Now don't get him wrong. He's not a bad person. He just acts
impulsively sometimes. He doesn't stop to think about the consequences
when he sees something wrong. Like the time he saw the tourists
beating their dogs. But now he's really in trouble. Now he
has sunk the casino boat! Dad is furious that the owner is emptying
the bilge tanks directly into the water instead of paying to have it hauled
away. He can't prove it so he does the only thing he can think of
-- swamps the boat. So, now he's in jail and no one believes him.

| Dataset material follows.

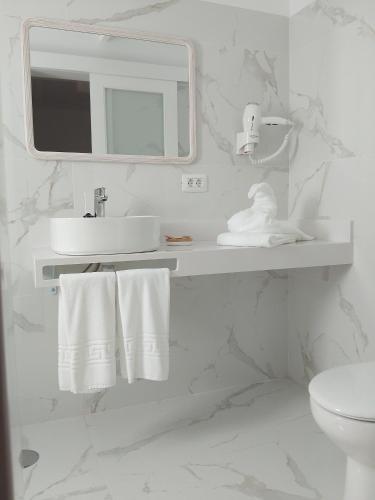 a white bathroom with a sink and a mirror at Hotel Monopol in Puerto de la Cruz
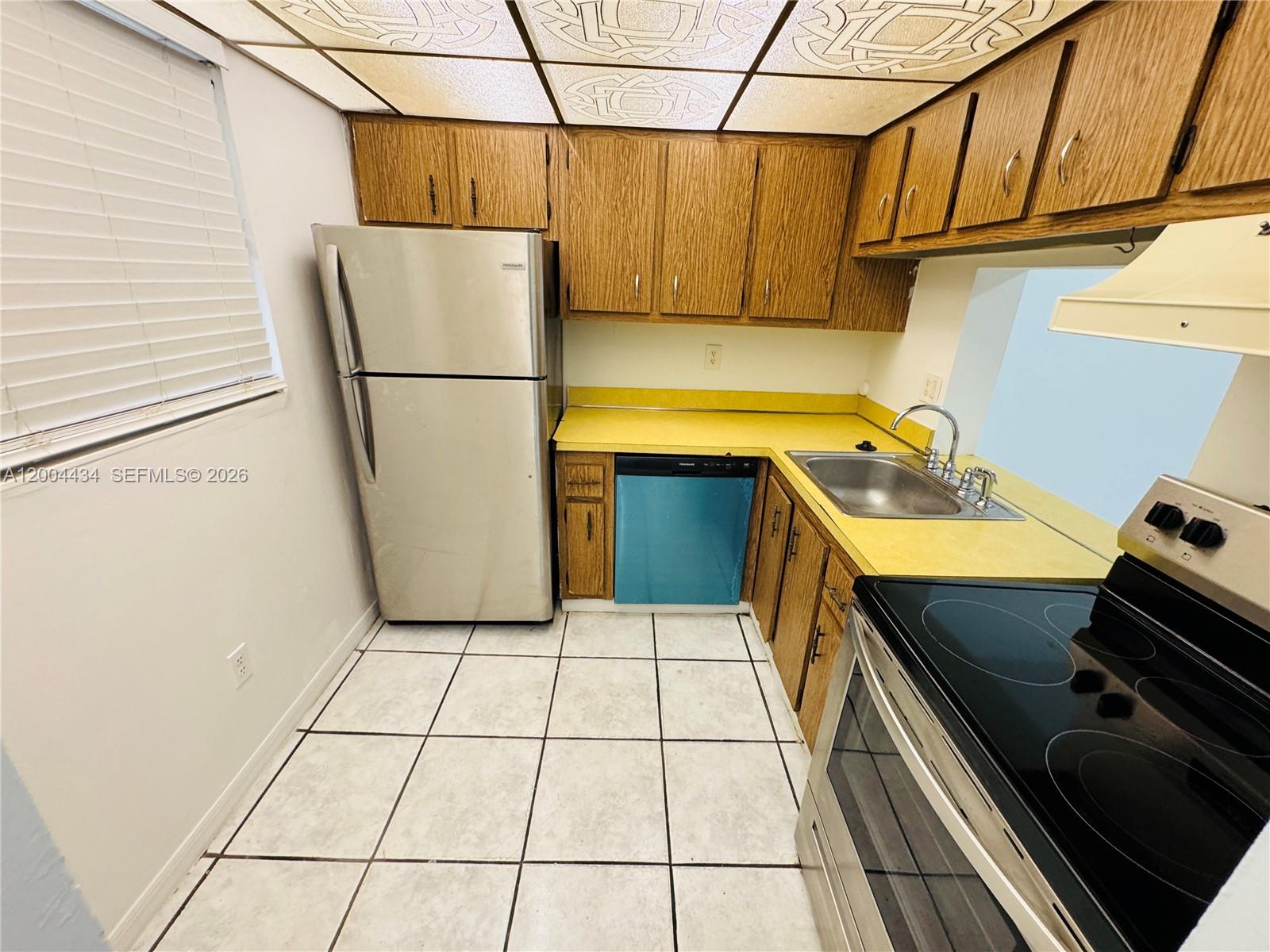 A kitchen features wood cabinets, yellow countertops, stainless steel appliances, and a tiled floor — 2800 NW 56th Ave # D102, Lauderhill FL 33313, LAUDERHILL, FL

Can his son find a way to prove that the beach is being polluted because
of the casino boat?
Booktalk #2
Act before you think, speak
without a plan – Noah’s Dad has a huge impulse control problem and his
family is suffering from it. What if Dad is right about the illegal dumping
in a recreational area? Who is the strange old man who keeps showing up
just when things are getting dicey? There is a lot going on and you will
need to join Noah and his sister, Abbey, to get to the bottom of it all.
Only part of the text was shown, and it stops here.